• To do
In the data below, find the line with "Sydney Sweeney completa" and output it along with every later line, exactly, but not the pictures.

• Material to process
----------
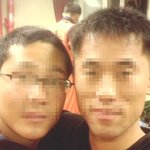 여자분들께 질문) <b>대두</b>에 숏다리는 싫으십니까!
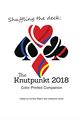 Shuffling-the-Deck-The-Knutpunkt-2018-Companion.jpg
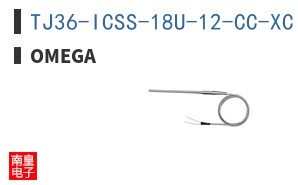 TJ36-ICSS-18U-12-CC-XCIB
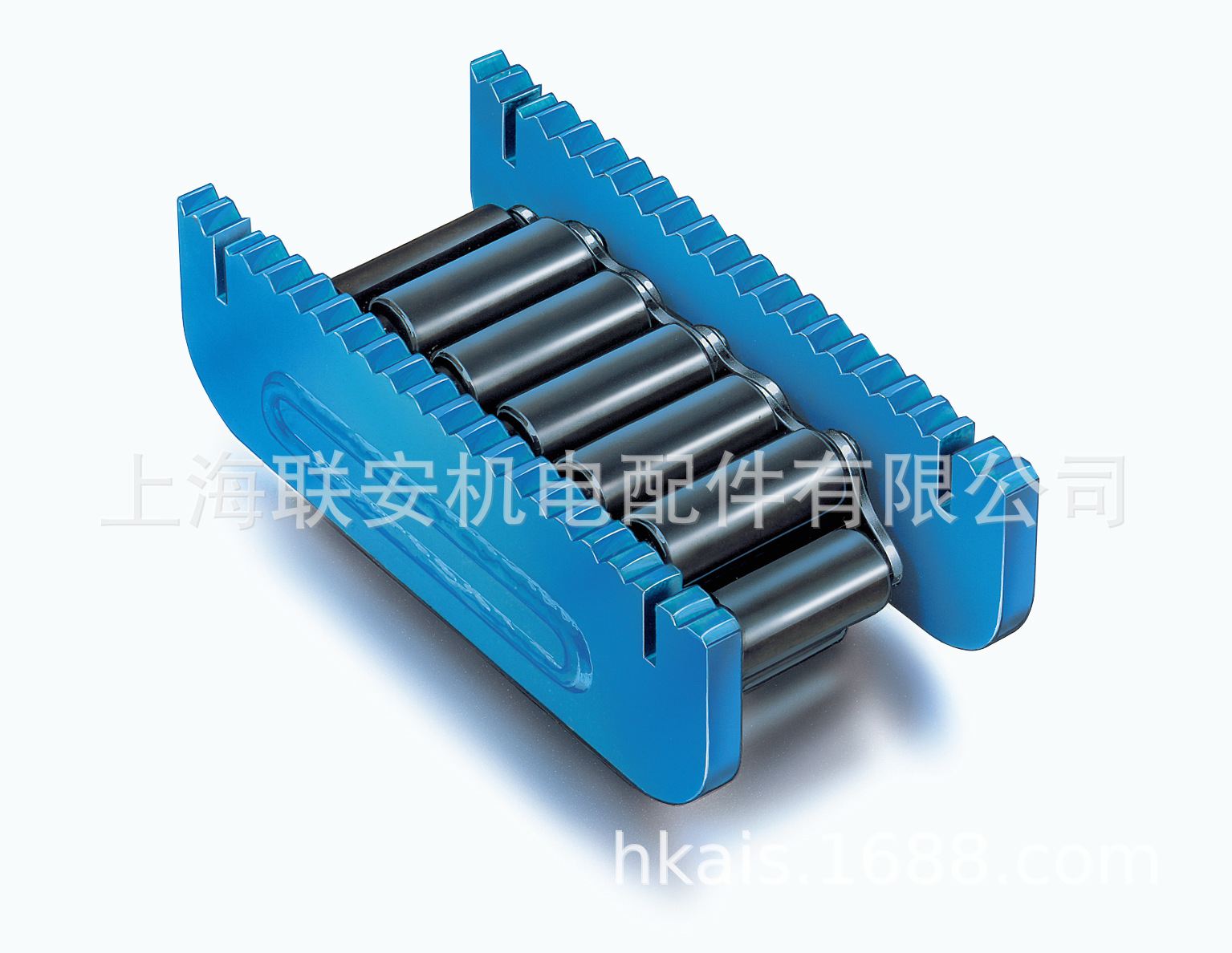 供应德国BORKEY搬运滚轮小车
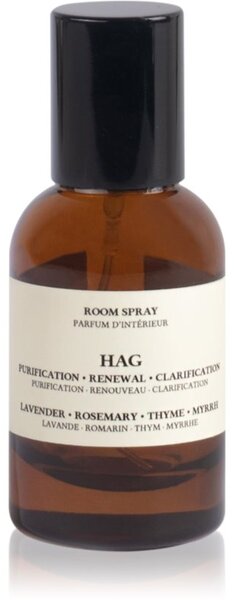 Smells Like Spells Hag profumo per ambienti 30 ml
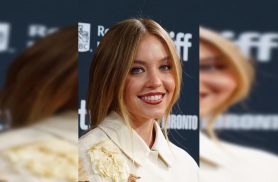 Sydney Sweeney completa 29 anos após conquistar espaço entre os grandes nomes de Hollywood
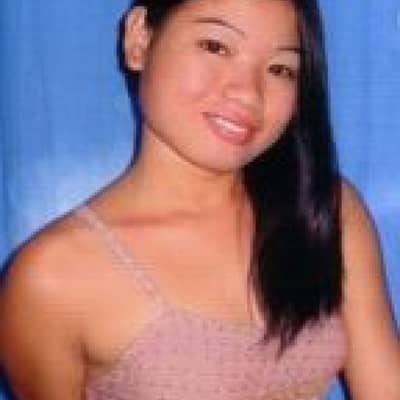 maricel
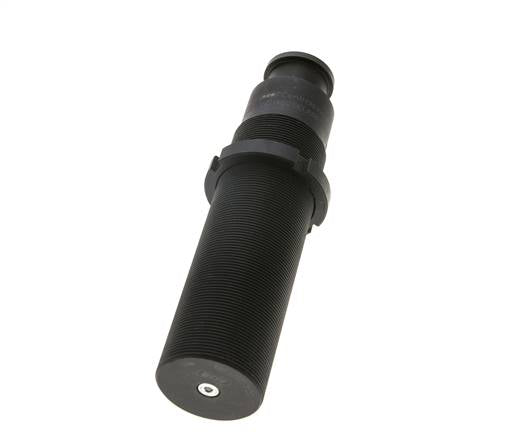 ACE Self-Adjusting Shock Absorber M 45x1.5, 25 mm Stroke - SC4525EUM-8
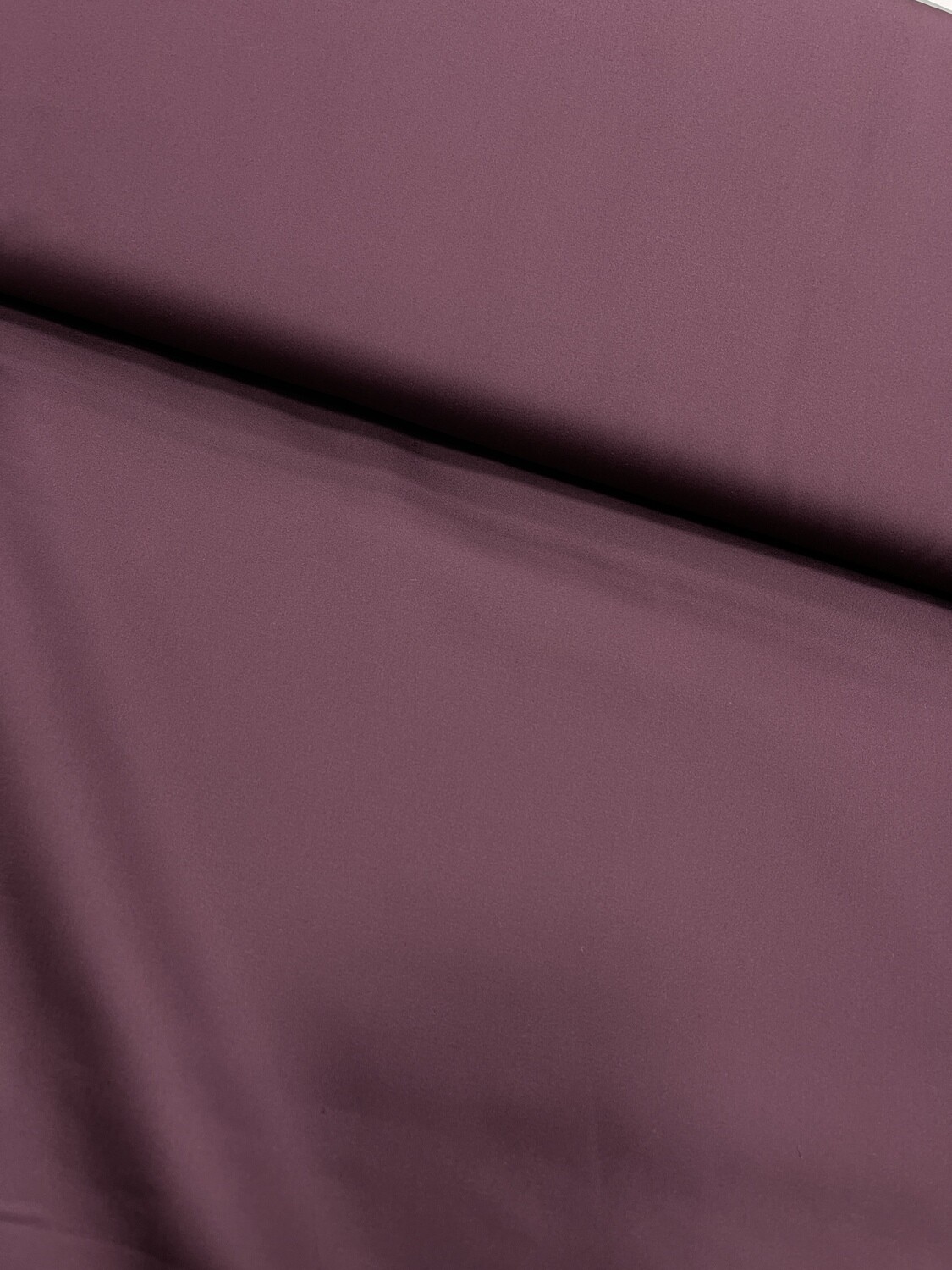 Oman Wine Fabric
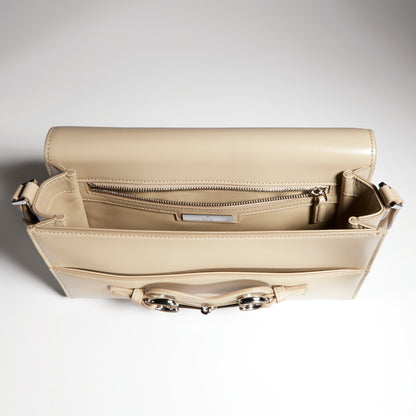 piel beige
----------
• Result of the task
 Sydney Sweeney completa 29 anos após conquistar espaço entre os grandes nomes de Hollywood
 maricel
 ACE Self-Adjusting Shock Absorber M 45x1.5, 25 mm Stroke - SC4525EUM-8
 Oman Wine Fabric
 piel beige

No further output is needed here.